Lawar, ayam betutu, babi guling, hanya bagian kecil dari sekian banyak masakan tradisional Bali. Siapa yang mengetahui atau masih rajin mengonsumsi masakan bernama kuah be nyawan dan pesan be nyawan? Kedua masakan ini berbahan dasar rumah tawon.
Rasa pesan be nyawan cenderung pedas manis karena pengaruh bumbu lengkuas, cabe jawa, ketumbar,daun jinten, dan cengkeh. Sementara bumbu be nyawan adalah kelapa, bawang jahe, kencur, dan cabai.
Saya beruntung sempat mencicipi masakan ini untuk pertama kalinya di Warung Tresni, Jl Drupadi Denpasar. Ini bukan menu tetap di Warung Tresni. Sebab bahannya semakin sulit didapat. Di pasar tradisional di Denpasar tidak selalu ada. “Kalau ada yang bawa rumah tawon, saya siap membuat. Biasanya teman-teman yang bawa dari kampung dan mereka minta saya buat,” kata pengelola Warung Tresni, I Ketut “Gogonk” Pramana.
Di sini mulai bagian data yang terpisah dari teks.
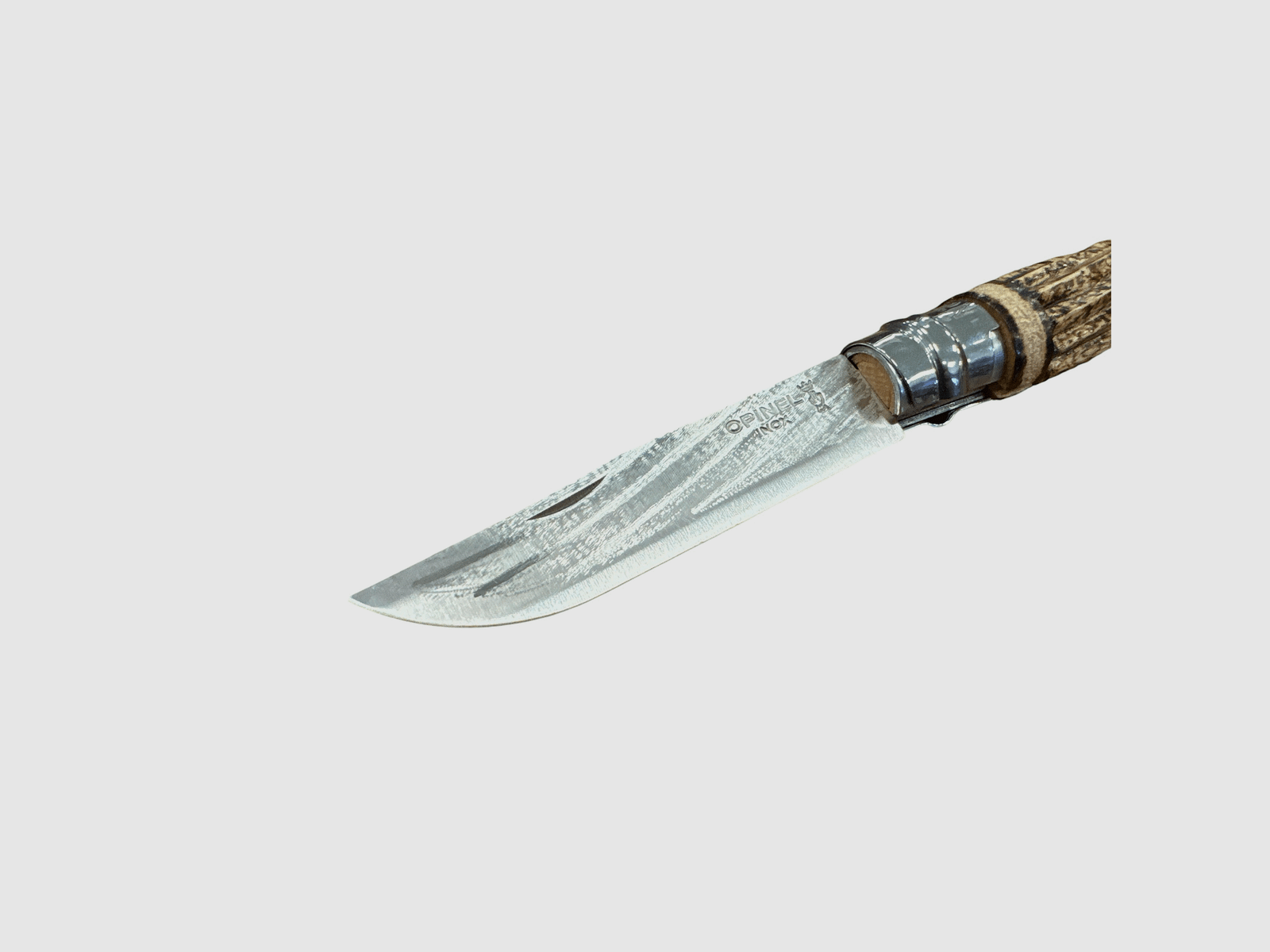Knife – Opinel – N.8 Inox spiral carved/hand engraved, image 3 of 4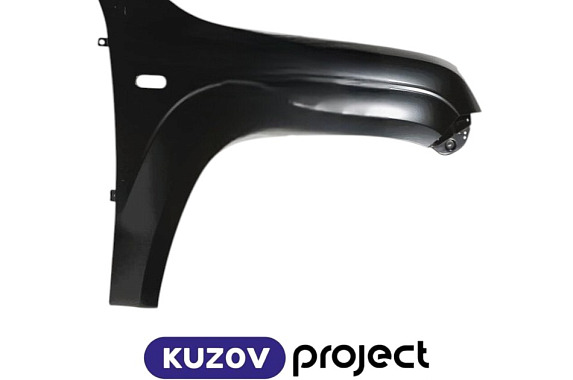 Крыло правое с отверстием под повторитель Volkswagen Amarok 2010-2020 (Тайвань)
Gogonk dan rekan-rekannya di Warung Tresni berkomitmen untuk melestarikan masakan tradisional. Sampai saat ini mereka sudah mendokumentasi 40 menu masakan tradisional Bali yang hampir punah. Contoh menu lain yang hampir punah adalah jubel manis. Bumbu pendukungnya adalah jeruk limau, minyak kelapa dan kelapa bakar parut.
Jubel adalah fase metamorfosis capung. Setelah menetas, tempayak (larva) capung hidup dan berkembang di air. Tempayak yang bermetamorfosis menjadi nimfa capung atau jubel. Tempayak dan nimfa capung adalah hewan karnivora yang ganas. Nimfa capung bisa memangsa berudu dan anak ikan. Jubel juga predator wereng. Namun karena pola pertanian modern yang mengandalkan pestisida untuk membunuh wereng, maka jubel pun ikut punah bersama makanannya. “Dulu saya kecil di sawah sering cari jubel. Anak kecil sekarang siapa yang tahu jubel” kata Gogonk.
Menu tradisional Bali yang didokumentasikan Gogonk umumnya lahir dari kebiasaan masyarakat agraris. “Petani karakternya mereka menyantap makanan yang pengolahannya cepat. Karena mereka harus pergi pagi-pagi dan pulangnya mereka cukup lelah setelah bekerja di ladang. Jadi proses pembuatan makanan mereka sederhana,” kata Gogonk.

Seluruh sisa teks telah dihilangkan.